昭和30年代のハイボールと今のハイボールとの違いは炭酸にある。昔の炭酸は出来合いではなく、ドライアイスを砕いて水と共にタンクへ詰める。よって炭酸は強烈、それがバーテンダーの朝一番の為事だった。カウンターには必ず水と炭酸のサーバーが設けられていた。恰度ビールサーバーのように。
ビールサーバーは戦前からカラン(ドラフトタワー)と呼ばれていたが、ハイボールセンターにビールは置いていなかった。もっとも、日本のビールと称する飲み物は生も瓶も罐も中身は同じである。ウイスキー同様、こちらも麦芽とホップを極端に減らしたビール擬きの飲み物なのである。サントリーにトウモロコシ・米・コーン・スターチ等の副原料を使用せず、麦芽100%で製造された「モルツ」がある。86年のことだが、日本人には本物は受けないらしく、早々に発売は停止された。現在売られているモルツとは若干異なるように思う。

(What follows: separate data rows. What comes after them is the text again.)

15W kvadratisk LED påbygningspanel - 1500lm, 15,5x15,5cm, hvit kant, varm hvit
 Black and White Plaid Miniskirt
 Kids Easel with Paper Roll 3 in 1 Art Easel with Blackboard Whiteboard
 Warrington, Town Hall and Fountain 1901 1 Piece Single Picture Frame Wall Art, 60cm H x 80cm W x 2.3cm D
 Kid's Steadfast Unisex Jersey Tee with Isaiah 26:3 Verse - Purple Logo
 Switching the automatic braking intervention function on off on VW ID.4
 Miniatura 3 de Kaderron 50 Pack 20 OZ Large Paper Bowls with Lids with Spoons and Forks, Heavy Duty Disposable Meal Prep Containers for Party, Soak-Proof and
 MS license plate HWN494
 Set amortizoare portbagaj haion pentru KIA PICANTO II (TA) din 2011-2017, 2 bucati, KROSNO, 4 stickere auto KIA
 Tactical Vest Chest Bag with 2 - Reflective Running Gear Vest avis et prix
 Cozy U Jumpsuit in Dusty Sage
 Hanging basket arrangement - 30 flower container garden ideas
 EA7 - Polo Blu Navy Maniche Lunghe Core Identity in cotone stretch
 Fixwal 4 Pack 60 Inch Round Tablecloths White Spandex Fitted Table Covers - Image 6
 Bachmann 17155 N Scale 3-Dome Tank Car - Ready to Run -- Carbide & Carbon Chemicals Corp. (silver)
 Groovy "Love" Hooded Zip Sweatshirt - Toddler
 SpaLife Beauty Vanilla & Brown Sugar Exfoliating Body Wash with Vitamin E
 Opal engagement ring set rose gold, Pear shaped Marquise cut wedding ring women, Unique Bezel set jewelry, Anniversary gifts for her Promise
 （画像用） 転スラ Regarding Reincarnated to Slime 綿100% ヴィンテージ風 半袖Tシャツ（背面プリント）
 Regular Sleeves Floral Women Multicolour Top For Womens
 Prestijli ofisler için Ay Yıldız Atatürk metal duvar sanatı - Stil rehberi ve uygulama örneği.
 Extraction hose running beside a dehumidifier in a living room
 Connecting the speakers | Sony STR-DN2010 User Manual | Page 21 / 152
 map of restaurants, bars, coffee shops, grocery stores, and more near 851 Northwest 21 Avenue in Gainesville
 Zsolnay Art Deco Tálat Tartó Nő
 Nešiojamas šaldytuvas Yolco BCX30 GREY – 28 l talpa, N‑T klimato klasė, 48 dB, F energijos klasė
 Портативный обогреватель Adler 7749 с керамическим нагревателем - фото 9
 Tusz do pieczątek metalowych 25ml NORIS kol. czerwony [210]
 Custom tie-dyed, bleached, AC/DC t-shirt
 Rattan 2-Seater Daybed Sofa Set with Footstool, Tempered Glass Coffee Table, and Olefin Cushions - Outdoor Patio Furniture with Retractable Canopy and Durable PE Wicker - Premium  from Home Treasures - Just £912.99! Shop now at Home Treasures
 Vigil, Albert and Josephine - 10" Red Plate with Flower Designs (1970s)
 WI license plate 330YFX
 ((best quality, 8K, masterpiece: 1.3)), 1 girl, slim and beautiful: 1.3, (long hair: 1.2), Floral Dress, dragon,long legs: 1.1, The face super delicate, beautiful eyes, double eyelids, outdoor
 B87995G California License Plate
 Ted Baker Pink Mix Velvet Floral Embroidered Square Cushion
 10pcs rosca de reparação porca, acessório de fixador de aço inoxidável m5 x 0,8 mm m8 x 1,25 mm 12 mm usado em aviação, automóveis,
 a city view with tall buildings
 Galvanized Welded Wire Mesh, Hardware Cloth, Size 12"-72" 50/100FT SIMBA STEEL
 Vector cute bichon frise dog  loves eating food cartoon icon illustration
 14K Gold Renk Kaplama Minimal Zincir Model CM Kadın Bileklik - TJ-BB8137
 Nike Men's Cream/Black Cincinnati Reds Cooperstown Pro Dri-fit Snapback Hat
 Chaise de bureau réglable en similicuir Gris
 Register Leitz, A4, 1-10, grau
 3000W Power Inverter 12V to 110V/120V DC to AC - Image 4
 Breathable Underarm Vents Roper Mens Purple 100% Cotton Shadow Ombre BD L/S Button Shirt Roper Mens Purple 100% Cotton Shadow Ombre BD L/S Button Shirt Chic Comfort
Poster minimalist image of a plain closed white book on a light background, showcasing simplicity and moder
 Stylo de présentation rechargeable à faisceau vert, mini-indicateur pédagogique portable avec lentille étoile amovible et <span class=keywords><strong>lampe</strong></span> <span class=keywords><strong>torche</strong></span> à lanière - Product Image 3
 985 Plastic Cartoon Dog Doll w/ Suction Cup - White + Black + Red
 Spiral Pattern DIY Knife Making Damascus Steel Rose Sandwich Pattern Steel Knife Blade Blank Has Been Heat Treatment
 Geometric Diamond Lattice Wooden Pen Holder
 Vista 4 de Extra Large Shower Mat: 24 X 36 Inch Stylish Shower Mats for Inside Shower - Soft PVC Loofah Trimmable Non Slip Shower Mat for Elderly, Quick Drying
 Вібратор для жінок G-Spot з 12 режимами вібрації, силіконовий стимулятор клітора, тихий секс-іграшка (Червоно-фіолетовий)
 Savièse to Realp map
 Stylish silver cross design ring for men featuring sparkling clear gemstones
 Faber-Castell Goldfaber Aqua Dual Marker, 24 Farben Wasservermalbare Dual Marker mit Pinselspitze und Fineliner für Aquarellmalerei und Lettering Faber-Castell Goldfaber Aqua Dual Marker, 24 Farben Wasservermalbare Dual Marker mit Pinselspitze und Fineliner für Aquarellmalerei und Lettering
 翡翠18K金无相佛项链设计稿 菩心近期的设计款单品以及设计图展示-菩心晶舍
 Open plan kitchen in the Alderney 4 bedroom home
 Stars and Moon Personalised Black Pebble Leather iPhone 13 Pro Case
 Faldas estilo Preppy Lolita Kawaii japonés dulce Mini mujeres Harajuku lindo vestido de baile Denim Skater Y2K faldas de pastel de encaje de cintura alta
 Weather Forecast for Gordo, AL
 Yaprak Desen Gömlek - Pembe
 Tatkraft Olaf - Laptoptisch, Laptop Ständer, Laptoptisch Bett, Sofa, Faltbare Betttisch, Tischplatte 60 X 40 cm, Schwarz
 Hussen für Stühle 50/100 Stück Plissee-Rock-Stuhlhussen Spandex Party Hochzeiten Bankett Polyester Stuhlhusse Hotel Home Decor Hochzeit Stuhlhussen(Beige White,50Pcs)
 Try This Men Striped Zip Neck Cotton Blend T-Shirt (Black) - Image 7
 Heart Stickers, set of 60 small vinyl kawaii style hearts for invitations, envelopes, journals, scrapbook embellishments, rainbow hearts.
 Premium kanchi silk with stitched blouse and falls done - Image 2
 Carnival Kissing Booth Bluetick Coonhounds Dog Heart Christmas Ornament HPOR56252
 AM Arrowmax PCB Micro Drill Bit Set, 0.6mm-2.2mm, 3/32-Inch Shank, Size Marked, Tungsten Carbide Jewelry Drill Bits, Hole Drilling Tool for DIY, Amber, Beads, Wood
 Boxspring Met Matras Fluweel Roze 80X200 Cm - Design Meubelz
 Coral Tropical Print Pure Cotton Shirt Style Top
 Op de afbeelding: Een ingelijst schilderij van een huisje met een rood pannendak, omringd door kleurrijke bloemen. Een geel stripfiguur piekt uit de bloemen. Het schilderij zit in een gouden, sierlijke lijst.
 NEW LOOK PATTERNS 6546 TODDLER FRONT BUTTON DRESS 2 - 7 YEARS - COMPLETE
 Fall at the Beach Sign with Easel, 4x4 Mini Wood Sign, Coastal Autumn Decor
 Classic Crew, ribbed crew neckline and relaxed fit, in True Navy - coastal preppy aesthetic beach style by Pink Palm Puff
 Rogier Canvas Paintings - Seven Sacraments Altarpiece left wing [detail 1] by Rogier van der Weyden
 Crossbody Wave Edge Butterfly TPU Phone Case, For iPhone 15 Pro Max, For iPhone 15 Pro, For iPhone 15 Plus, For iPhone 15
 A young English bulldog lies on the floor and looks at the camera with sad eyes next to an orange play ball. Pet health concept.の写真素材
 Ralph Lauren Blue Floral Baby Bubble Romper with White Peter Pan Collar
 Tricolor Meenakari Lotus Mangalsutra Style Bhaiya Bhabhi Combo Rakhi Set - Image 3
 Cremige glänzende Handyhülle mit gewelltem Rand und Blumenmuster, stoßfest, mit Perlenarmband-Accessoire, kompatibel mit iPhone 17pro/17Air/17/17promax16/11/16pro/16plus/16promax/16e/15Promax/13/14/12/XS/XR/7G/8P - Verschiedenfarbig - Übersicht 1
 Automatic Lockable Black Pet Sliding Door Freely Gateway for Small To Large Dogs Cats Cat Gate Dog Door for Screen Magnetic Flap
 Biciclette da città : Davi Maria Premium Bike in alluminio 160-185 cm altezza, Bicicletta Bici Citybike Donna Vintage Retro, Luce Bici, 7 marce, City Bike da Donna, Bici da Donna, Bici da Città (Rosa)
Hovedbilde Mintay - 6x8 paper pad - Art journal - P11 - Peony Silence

「若干異なる」点をいまひとつ。サントリーが最初に売り出した白札はピートを焚いていたゆえに、わが国ではまったく売れなかった。NHKのドラマ「マッサン」は夫婦を軸とした人情喜劇であって、ウイスキーに関することは副産物なのでどうでもよいのだが、エリーの故郷スコットランドに似た北の大地で本物のウイスキーを造ろうとして、また石狩平野には良質のピートがあると信じて余市へ渡るとの設定になっている。石狩平野のピートが使い物になるかどうかはさておき、ニッカは創立以来ただの一度もピートを焚いていない、すなわちフロアモルティングは行っていないのである。現在焚いているのは観光客向けであって、それでウイスキーを造っているのかと云えば否としかいいようがない。理想のウイスキー造りに燃えながら、サントリーもニッカも共に日本人向けの3級ウイスキーを製造していたのだからはなしにならない。啓蒙するのでなく迎合することしか頭にない商売人である。
あまり人口に膾炙していないが、わが国のウイスキーメーカーは原材料のモルトをスコットランドのモルトスターから全量購入している。130ほどあるスコットランドの蒸留所もモルトスターから買っている。アードベッグやラフロイグも自らフロアモルティングをしているが、僅かな量ですべてを賄うにはほど遠い。自社でのモルティングは金銭的に割が合わないのである。